Stable Value Seen Outperforming Other Fixed-Income Sectors in Rising Rate Environment

Rising interest rates are generally bad for fixed-income investments, but perhaps not as bad for stable value funds as for some other short-term sectors of the bond market.

Researchers at New York Life Investment Management recently looked at how six different asset classes have performed in the past during periods of steadily rising interest rates and modeled how they might perform during a four-year period of rapidly rising rates.

In those models, U.S. equities generated the highest returns by far—about 9 percent annually, on average, said Michael Sipper, director of stable value investments for New York Life Investment Management, speaking at the 2013 SVIA Fall Forum. The next best performing asset classes were high-yield fixed income and international equities, both generating average annual returns of about 5 percent. Stable value funds followed with performance a little under 5 percent annually, then 3-month Treasury bills (a proxy for money market funds), then long-term bonds, and finally intermediate-term bonds.

To further explore how this might impact investor outcomes, the researchers used these results to create three optimal model portfolios—conservative, moderate, aggressive—and plot them along an efficient frontier. Only two asset classes were needed to create the optimal portfolios, Sipper said: stable value and U.S. equities. The conservative portfolio had an 85 percent allocation to stable value and a standard deviation risk of about 1.5 percent. The moderate portfolio had a 59 percent allocation to stable value and a standard deviation risk just under 5 percent, while the aggressive portfolio had a 21 percent allocation to stable value and a standard deviation risk about 9 percent.

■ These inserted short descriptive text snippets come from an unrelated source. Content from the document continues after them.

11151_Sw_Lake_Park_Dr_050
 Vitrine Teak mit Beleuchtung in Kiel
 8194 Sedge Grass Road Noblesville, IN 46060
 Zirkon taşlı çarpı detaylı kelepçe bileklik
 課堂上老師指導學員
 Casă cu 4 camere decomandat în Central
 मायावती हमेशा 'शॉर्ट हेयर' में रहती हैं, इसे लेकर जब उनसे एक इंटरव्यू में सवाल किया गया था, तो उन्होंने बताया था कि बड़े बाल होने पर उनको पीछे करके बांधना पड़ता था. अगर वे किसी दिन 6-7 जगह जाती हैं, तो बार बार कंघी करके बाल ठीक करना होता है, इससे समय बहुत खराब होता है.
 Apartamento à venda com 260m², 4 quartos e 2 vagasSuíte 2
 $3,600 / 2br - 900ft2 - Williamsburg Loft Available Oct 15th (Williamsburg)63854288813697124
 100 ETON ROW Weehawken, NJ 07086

Two important conclusions could be drawn from the research, Sipper said. One was that whether an investor had a conservative or moderate tolerance for risk, stable value could play a significant role in their portfolio—whether interest rates rose steadily or quickly. The other was that without stable value, the only way an investor could hope to achieve the same returns achieved by the model portfolios would be by assuming more risk.